Conditions in which Kafka Consumer (Group) trigger

2019-04-09 23:44发布

问题:

I was going through the Consumer Config for Kafka.

  • https://kafka.apache.org/documentation/#newconsumerconfigs

what are the parameters that will trigger a rebalance ?. For instance the following parameter will ?. Any other parameters which we need to change or will defaults suffice

connections.max.idle.ms Close idle connections after the number of milliseconds specified by this config. long 540000 medium

Also we have three different topics

  1. Is it a bad idea to have the same Consumer Group (Same ID) consuming from multiple topics.
  2. Assuming if the above scenario is valid (not necessarily the best practice) - if one of the topic is very light traffic, will it cause the Consumer group to rebalance.

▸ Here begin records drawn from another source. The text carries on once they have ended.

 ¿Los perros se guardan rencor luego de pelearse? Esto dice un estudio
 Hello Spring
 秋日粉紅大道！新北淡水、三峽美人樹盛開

    A follow up question - what factors affect the rebalancing and its performance.

回答1:

These condition will trigger a group rebalancing:

Number of partitions change for any of the subscribed list of topics

Topic is created or deleted

An existing member of the consumer group dies

A new member is added to an existing consumer group via the join API

Is it a bad idea to have the same Consumer Group (Same ID) consuming from multiple topics.

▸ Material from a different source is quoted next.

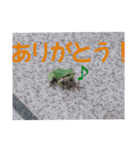つぶやくリアルのカエルのスタンプ（個別スタンプ：7）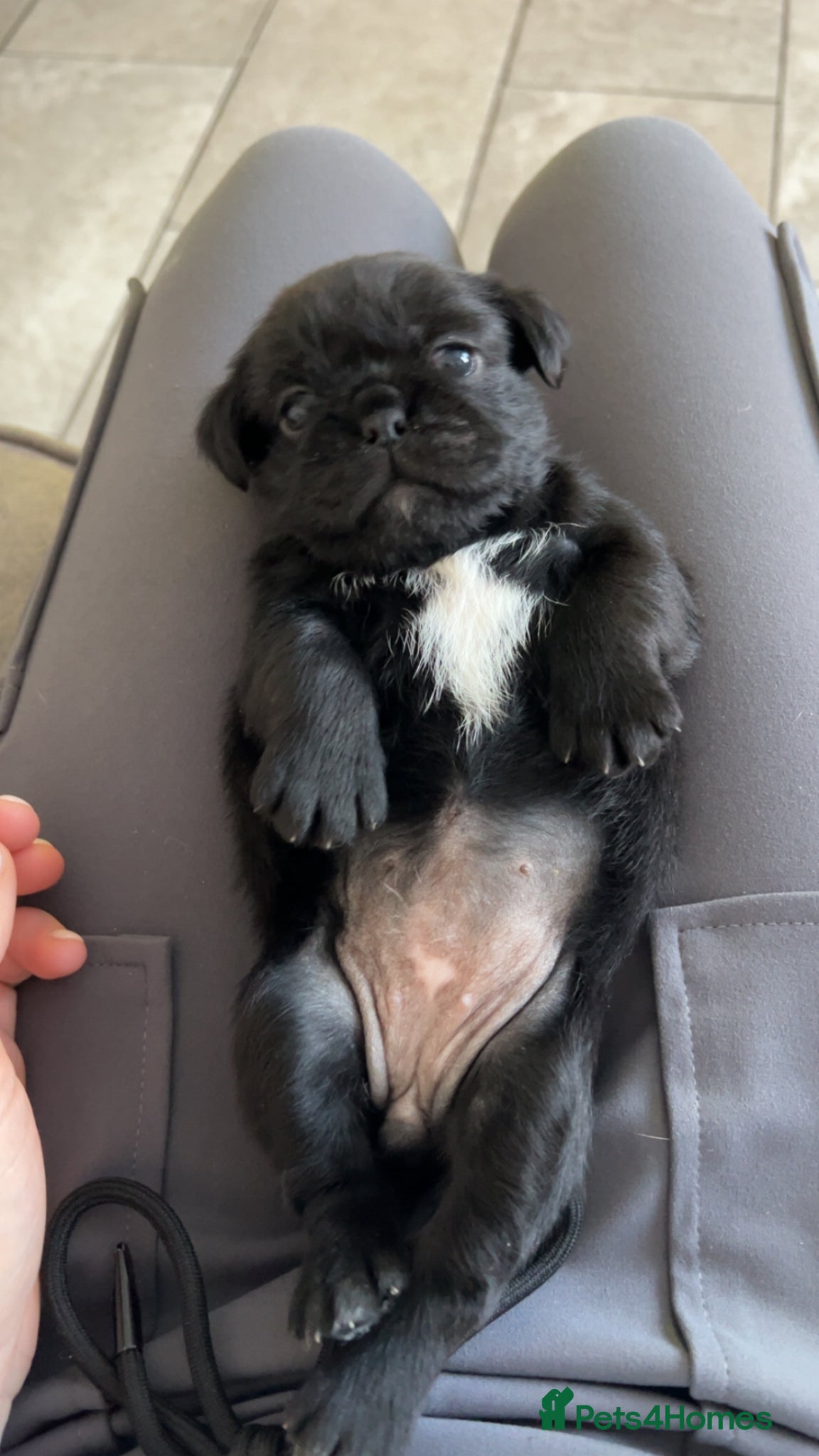 Mixed Breed dogs Pug - Zu  - Advert 1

At least it is valid, as for good or bad, it depends on your detailed case. This is supported by the official java client api, see this method definition:

public void subscribe(Collection<String> topics,
             ConsumerRebalanceListener listener)

It accepts a collection of topics.

if one of the topic is very light traffic, will it cause the Consumer group to rebalance.

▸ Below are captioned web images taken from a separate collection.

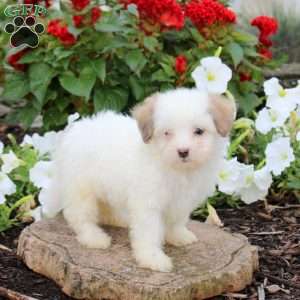 Jane, Maltipoo Puppy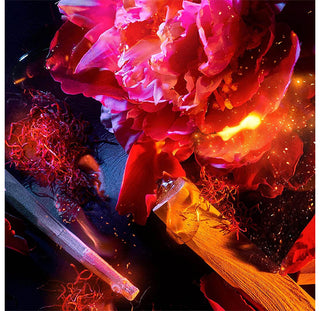 Parfum De La Nuit - Roja Parfums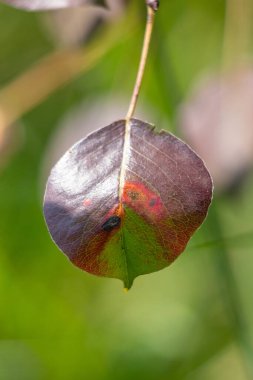 Üzerinde kahverengi leke olan bir yaprak. Yaprak bir dalın üzerinde.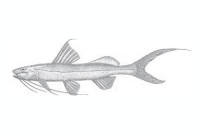 рис. 4: Imparfinis nemacheir, holotype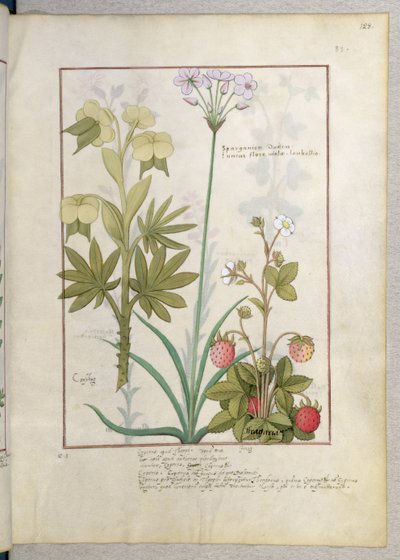 Consiligo, Burreed and Strawberry, illustration from The Book of Simple Medicines, by Mattheaus Platearius by Robinet Testard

No, because this is not listed in conditions. If we just consider it from the topic aspect. only when the topic is deleted or partition counts changed, the rebalcance will happens,.

Update.

Thanks for @Hans Jespersen's comment about session and hearbeat.

this is quoted by kafka Consumer javadoc:

After subscribing to a set of topics, the consumer will automatically join the group when poll(long) is invoked. The poll API is designed to ensure consumer liveness. As long as you continue to call poll, the consumer will stay in the group and continue to receive messages from the partitions it was assigned. Underneath the covers, the poll API sends periodic heartbeats to the server; when you stop calling poll (perhaps because an exception was thrown), then no heartbeats will be sent. If a period of the configured session timeout elapses before the server has received a heartbeat, then the consumer will be kicked out of the group and its partitions will be reassigned.

And In your question, you ask what are the parameters that will trigger a rebalance

In this case, there are two configs has relation with the rebalance. It is session.timeout.ms and max.poll.records. Its means is obvious.

And from this, We also could learn that it is a bad practice to do a lot work between the poll, overhead work maybe block the heartbeat and cause session timeout.